Everything from the line containing "New 2026 Liquid" through the line containing "Sushi Palace" should be repeated exactly, and nothing else from the data.

MATERIAL PROVIDED:
======

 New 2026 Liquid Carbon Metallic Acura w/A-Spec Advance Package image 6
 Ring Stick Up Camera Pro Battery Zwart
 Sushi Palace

======

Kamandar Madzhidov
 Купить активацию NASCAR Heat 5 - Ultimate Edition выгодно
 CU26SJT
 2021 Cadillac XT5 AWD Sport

======

YOUR SOLUTION:
 New 2026 Liquid Carbon Metallic Acura w/A-Spec Advance Package image 6
 Ring Stick Up Camera Pro Battery Zwart
 Sushi Palace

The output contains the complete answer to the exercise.